■ **Exercise brief**
Give the listing again exactly, skipping any pictures it holds.

■ **Source material**
════
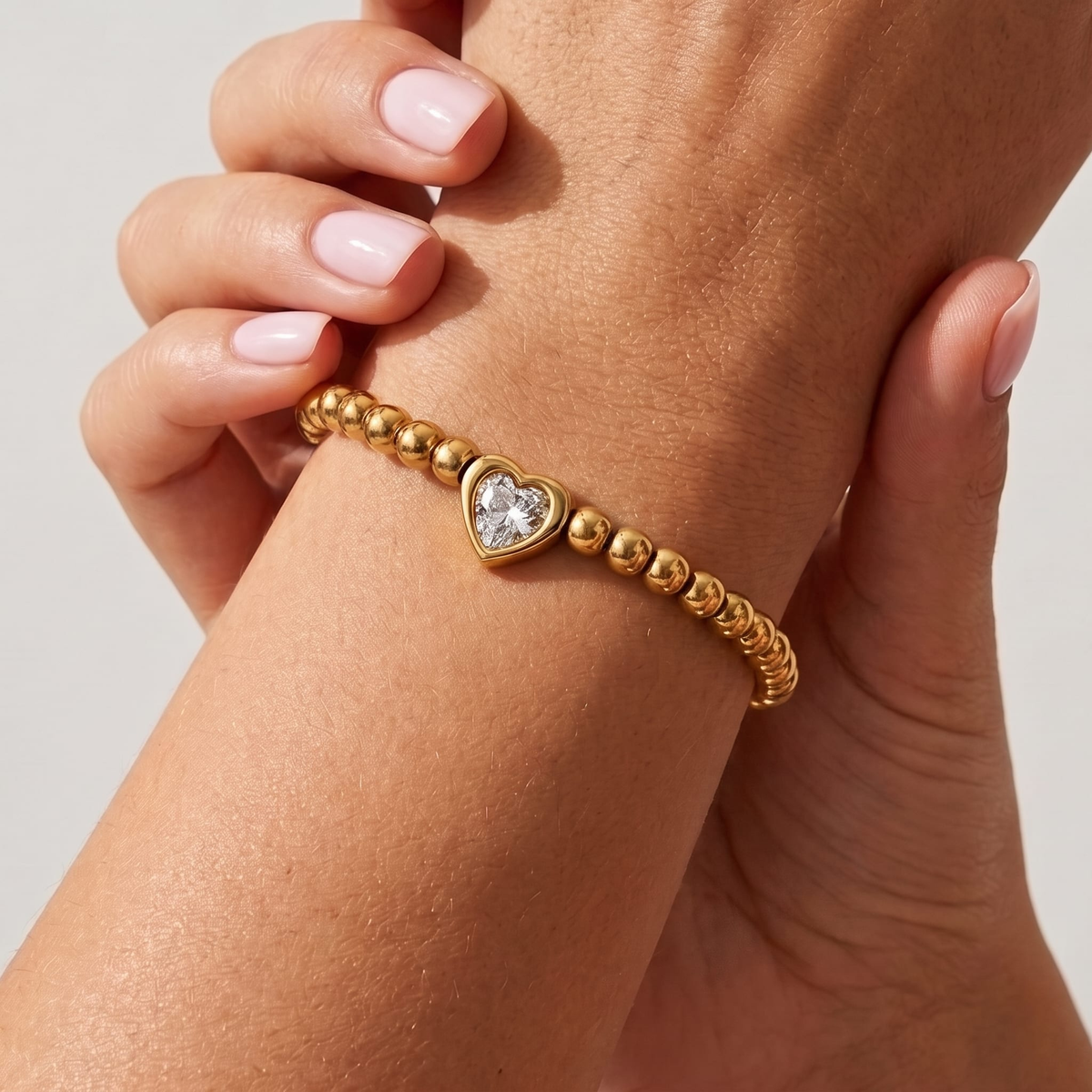 Woman wearing the Vittoria gold beaded bracelet with a heart-cut crystal in the center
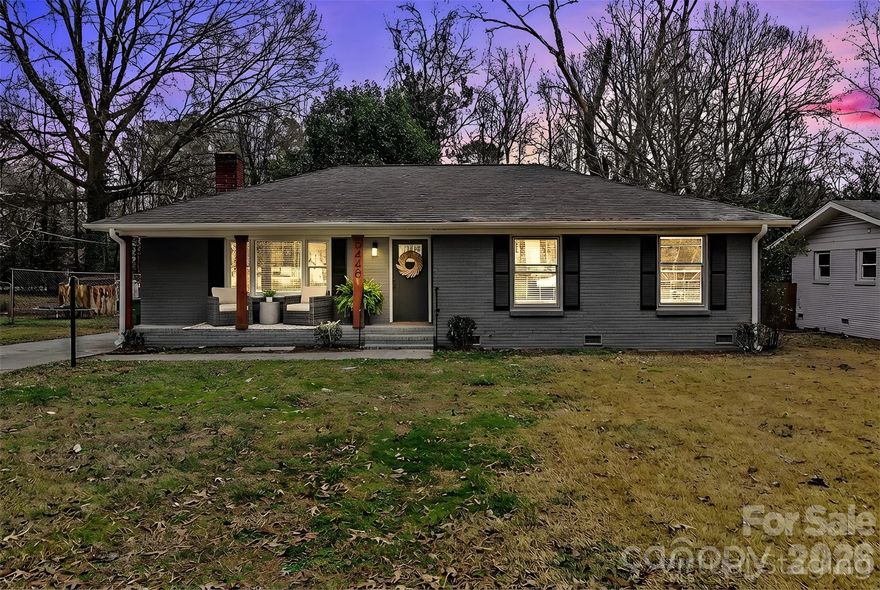 *THIS HOME QUALIFIES FOR 100% FINANCING, $15,000 RATE BUY DOWN, UP TO $5,000 IN CLOSING COSTS & NO PMI!!* Stylishly reimagined 3 bed 1.5 bath single-story home in highly sought-after Shannon Park. This stunning loyal blue classic brick home checks ALL the boxes!! Picturesque front porch w/ refinished wood beams provides the perfect place to begin your day in the Queen City, savoring a hot cup of coffee in the cool of the morning, or to enjoy your evening, unwinding under the beautiful Charlotte sunsets during the warmer summer months. Stepping inside, you're immediately welcomed by new durable LVP, a full interior paint job w/ neutral tones, contemporary light fixtures & large windows which reinvigorate each room. You won't be able to stay out of the updated kitchen, w/ its new granite counters, contemporary cabinetry, large double bowl sink, custom herringbone backsplash & new SS appliances (dishwasher, electric range & microwave). Bathrooms are refreshed w/ new vanities & flooring; full bath - also ensuite to the primary bedroom - features an updated tub + shower combo w/ modern tile surround. Screened-in porch is a priceless addition that provides a quiet retreat to enjoy the four seasons of Charlotte. Exclusive to the rapidly evolving and continually appreciating Shannon Park area, being competitively listed under tax value AND under $300K makes 5448 Kinsale an opportunity that you have to see for yourself. Don't miss out on the RARE opportunity to own one of Shannon Park's most beautiful homes, at an even better price!!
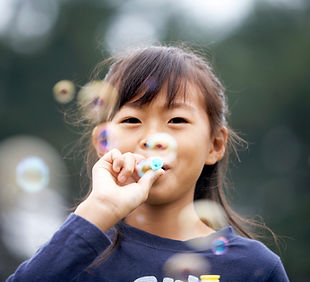 Girl Blowing Bubbles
════
■ **Solution for this task**
 Woman wearing the Vittoria gold beaded bracelet with a heart-cut crystal in the center
 *THIS HOME QUALIFIES FOR 100% FINANCING, $15,000 RATE BUY DOWN, UP TO $5,000 IN CLOSING COSTS & NO PMI!!* Stylishly reimagined 3 bed 1.5 bath single-story home in highly sought-after Shannon Park. This stunning loyal blue classic brick home checks ALL the boxes!! Picturesque front porch w/ refinished wood beams provides the perfect place to begin your day in the Queen City, savoring a hot cup of coffee in the cool of the morning, or to enjoy your evening, unwinding under the beautiful Charlotte sunsets during the warmer summer months. Stepping inside, you're immediately welcomed by new durable LVP, a full interior paint job w/ neutral tones, contemporary light fixtures & large windows which reinvigorate each room. You won't be able to stay out of the updated kitchen, w/ its new granite counters, contemporary cabinetry, large double bowl sink, custom herringbone backsplash & new SS appliances (dishwasher, electric range & microwave). Bathrooms are refreshed w/ new vanities & flooring; full bath - also ensuite to the primary bedroom - features an updated tub + shower combo w/ modern tile surround. Screened-in porch is a priceless addition that provides a quiet retreat to enjoy the four seasons of Charlotte. Exclusive to the rapidly evolving and continually appreciating Shannon Park area, being competitively listed under tax value AND under $300K makes 5448 Kinsale an opportunity that you have to see for yourself. Don't miss out on the RARE opportunity to own one of Shannon Park's most beautiful homes, at an even better price!!
 Girl Blowing Bubbles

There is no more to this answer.